Stronger Copyrights Are Important! Except, You Know, When It Means We Have To Pay Some Money
from the funny-how-that-works... dept
It’s always amusing to catch the hypocritical actions of the groups that purport to be in favor of strong copyright rules, but throw those rules right out the window the second it saves them a few bucks. The latest such story involves a group called Prism that is against the idea that publicly-funded research should be available to the public for free. The group bases a lot of its claims on the importance of strong copyrights, but apparently it’s not such a huge fan of living up its own standards. As Slashdot highlights the group not only copied some images from Getty Images without paying for them, it put them up on its website with the digital watermarks clearly visible. If you’ve ever bought stock photography licenses, you know that as you sort through the images, they all contain these visible watermarks to prevent people from doing exactly this type of thing. You only get the watermark-free versions after you’ve purchased a license. Of course, with the avalanche of Slashdot users, it looks like the group quickly ran out and licensed the photos it was using — but it again highlights the hypocracy of those who claim to be in favor of strong copyright, when they really just want a monopoly for themselves when it helps themselves.

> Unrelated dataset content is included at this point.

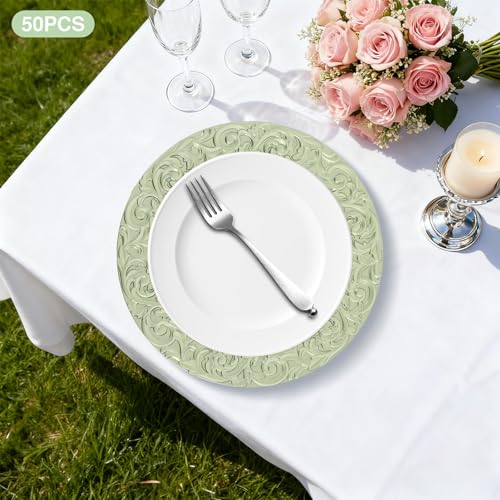 50 platos cargadores redondos verdes de plástico 13 pulg. miniatura 3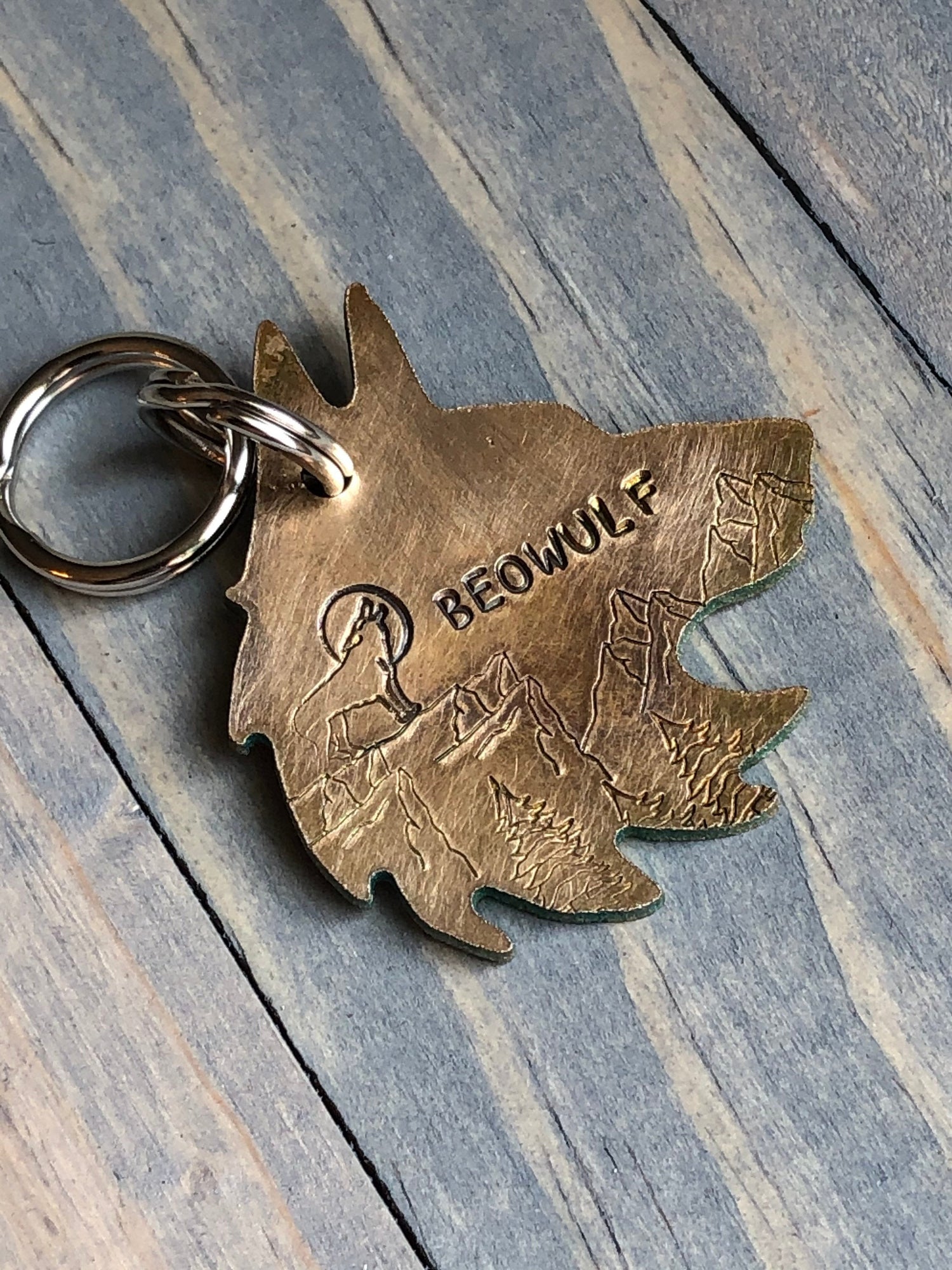 Custom Wolf Head Dog Tag, Hand Stamped Pet ID, Personalized Dog Tag for Dog, Wolf Dog Tag with Mountians and Trees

Filed Under: copyright, hypocracy, violations
Comments on “Stronger Copyrights Are Important! Except, You Know, When It Means We Have To Pay Some Money”
Company or Developer?
The pic didn’t get there without going through — or, even, being suggested by — a web developer or contractor employed by the group.
Re: Company or Developer?
But, still…scapegoat or not, someone got canned.
Or, is at least a write-up closer.
Obviuzly, they wuz hacked!
Did they really pay for the images?
A few people have commented that it looks like they just photoshopped out the watermarks although it’s pretty hard to tell on web-resolution images. If that’s true, it wouldn’t surprise me in the slightest to discover they’re using a pirated copy of photoshop to do it.
It should not lead to a war against strong copyrig
Well from what I have read, it is only a example among others. Can we generalize and say that pro-strong copyrights are all stealers?
Of course, this example is funny and ironic. But let’s play fair and admit that some of us are really pro-strong copyrights. Creation belongs to someone. A free and open market for exchanging all contents is not for tomorrow…according to me!